Let C be the circle $$x^{2} + y^{2} + 4x - 6y - 3 = 0$$ and L be the locus of the point of intersection of a pair of tangents to C with the angle between the two tangents equal to $$60^{\circ}$$. Then, the point at which L touches the line $$x$$ = 6 is
Given equation of circle = $$x^{2} + y^{2} + 4x - 6y - 3 = 0$$
Center of the circle is (-2,3) and radius of the circle = $$\sqrt{\ g^2+f^2-c}=\sqrt{\ 4+9+3}=4$$
Let us assume the point of the intersection of the tangents is ( h,k)
The angle made by the line joining (h,k) to the centre makes an angle of 30 degrees with the tangent, and sin(30) will be the ratio of the radius and the distance between the center and (h,k)
=> $$\sin\left(30\right)=\dfrac{4}{\sqrt{\left(\ h+2\right)^2+\left(k-3\right)^2}}$$
Squaring on both sides:
$$\dfrac{1}{4}=\dfrac{16}{\left(h+2\right)^2+\left(k-3\right)^2}$$
=> $$\left(h+2\right)^2+\left(k-3\right)^2=64$$
When x = 6 => h = 6 => $$64+\left(k-3\right)^2=64$$ => k = 3.
=> required point is (6,3)
A quadrilateral ABCD is inscribed in a circle such that AB : CD = 2 : 1 and BC : AD = 5 : 4. If AC and BD intersect at the point E, then AE : CE equals
Given ABCD is a cyclic quadrilateral.
Angle ADB = Angle ACB (Angle subtended by chord on the same side of arc)

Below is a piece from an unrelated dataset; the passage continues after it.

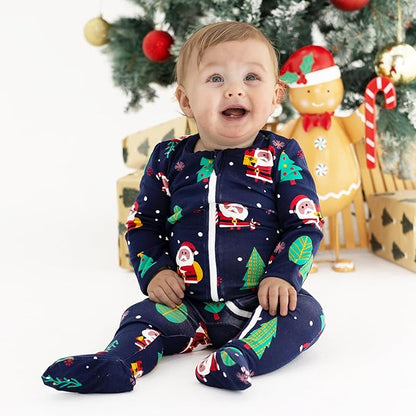 Owlivia Organic Cotton Baby Pajamas, Boys Girls Zip Front Sleep 'N Play Pjs, Footed Sleeper, Long Sleeve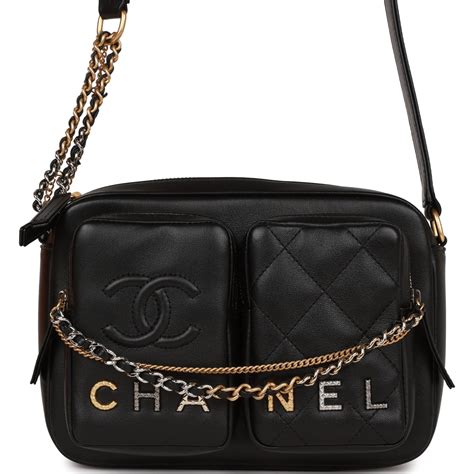 Chanel Small Camera Bag Black Calfskin Mixed Metal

Angle DAC = Angle DBC (Angle subtended by chord on the same side of arc)
=> Triangles AED and BEC are similar triangles
Similarly triangles AEB and DEC are also similar using AA similarity property.
Now, given that AB : CD = 2 : 1 and BC : AD = 5 : 4
AE/BE = AD/BC = 4/5 (Similar Triangles AED and BEC)
BE/CE = AB/CD = 2/1 (Similar Triangles AEB and DEC)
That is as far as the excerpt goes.